There is the question of what to do with the buses. Kendall is not a major transfer point, and the busiest route through the square, the CT2, has already been routed off of Main Street to a new stop on Ames. Three other routes—the 64, 68 and 85—terminate at Kendall, and more may be added as routes are realigned with the opening of the Green Line extension. One option would be to keep a single-lane busway through the square where the buses run today, allowing buses to serve the train station head house and layover, but this would eat into the potential gains in open space and walkability. A second, and I think preferable, option would be to have all buses terminate at the bus stop on Ames Street.
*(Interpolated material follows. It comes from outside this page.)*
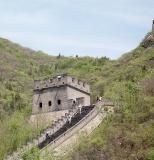 Great Wall at Badaling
The parking on Ames Street adjacent to the new bike lane could be turned over to bus layover (because, again, why do need street parking everywhere in Kendall?). This would require somewhat longer transfers, up to 800 feet of walking from the inbound head house, but given that the CT2 and EZRide buses have moved out of the square with no ill effects, this may be a reasonable option, especially since most of it is through an covered concourse, and the rest would be through a pedestrian plaza. A new drop-off stop would be placed near Main Street, where arriving buses would drop passengers. There would then be space between this stop and the existing stop for buses to layover before their next trip, where they would pull forward to serve the stop.
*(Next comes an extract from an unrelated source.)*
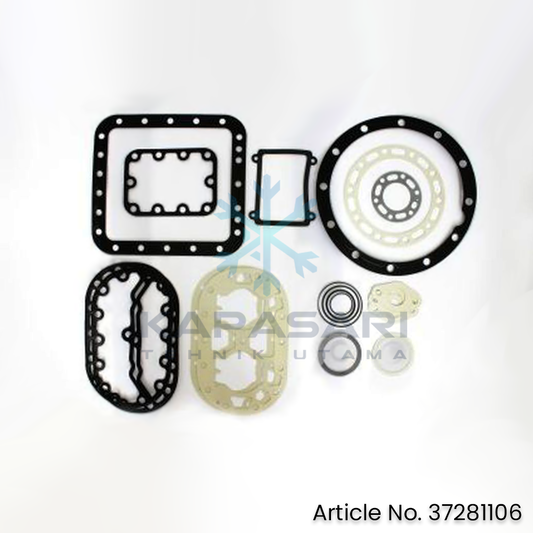 Bitzer Gasket Set (37281106)
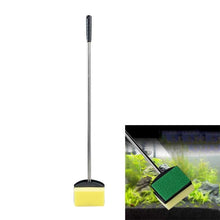 Load image into Gallery viewer, 36cm 3 in 1 Multi-functional Fish Tank Cleaning Brush, 36cm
A wide-enough corridor would be left along the southern side of the plaza for intermittent vehicular use. This would include things like major deliveries to buildings which could not be accommodated elsewhere and access for food trucks and farmers market vendors. It would also give the MBTA a path for buses during Red Line shutdowns, so that buses could still replace the Red Line when absolutely necessary between Boston and Kendall. But 99% of the time, Kendall would be car-free.
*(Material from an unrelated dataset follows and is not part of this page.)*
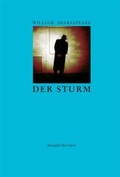 Cover: Der Sturm - Stroemfeld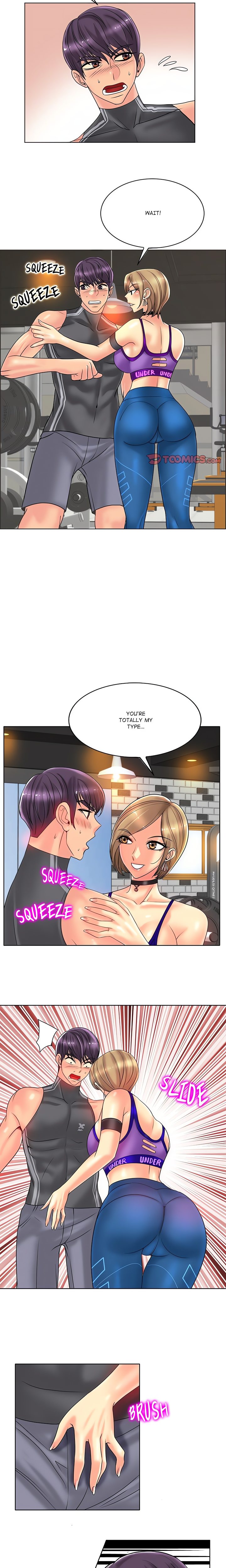 Hole in One page 6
I’ve taken a plan drawing from MIT’s SOMA project and overlaid new open space as described. I’d suggest adding rows of trees to create an urban forest along the street itself, with an opening at the current crosswalk, creating a sight corridor and plaza feel through the square itself. I included a bicycle corridor (and other existing bicycle lanes), which would run between the trees, but would still leave most of the space in the square for pedestrians. I also show an emergency vehicle “lane” which would generally be a walking area, and assume there would be plenty of benches and tables in amongst the trees. I also show the bus terminal at the upper left. Gray areas show vehicular roadways on Main Street and in the rest of the SOMA area (other roadways are shown on the original plan). This is all a sketch, of course.

There would still be some asphalt in the square. From the west, a roadway would lead from Main Street to Dock Street, accessing the Kendall Hotel and continuing to MIT Medical. From the east, the planned loading dock in the SOMA project would be accessed from Third Street or Broadway, but this would be a shared street with limited, slow traffic. The parking entrance on Wadsworth Street would exit onto Broadway via Main Street, but the only entrance would be from Wadsworth and Amherst Streets (which would allow exiting traffic as well). Would this make driving somewhat less convenient for some drivers? Sure: someone headed to MIT’s SOMA parking would have to take a right on Ames, a left on Amherst and a left on Wadsworth instead of driving straight through Kendall Square.

This is a small price to pay for the tens of thousands of pedestrians would no longer have to avoid cars in Kendall. Maybe some drivers would take the train instead of driving. In the language of Kendall, this is a feature, not a bug.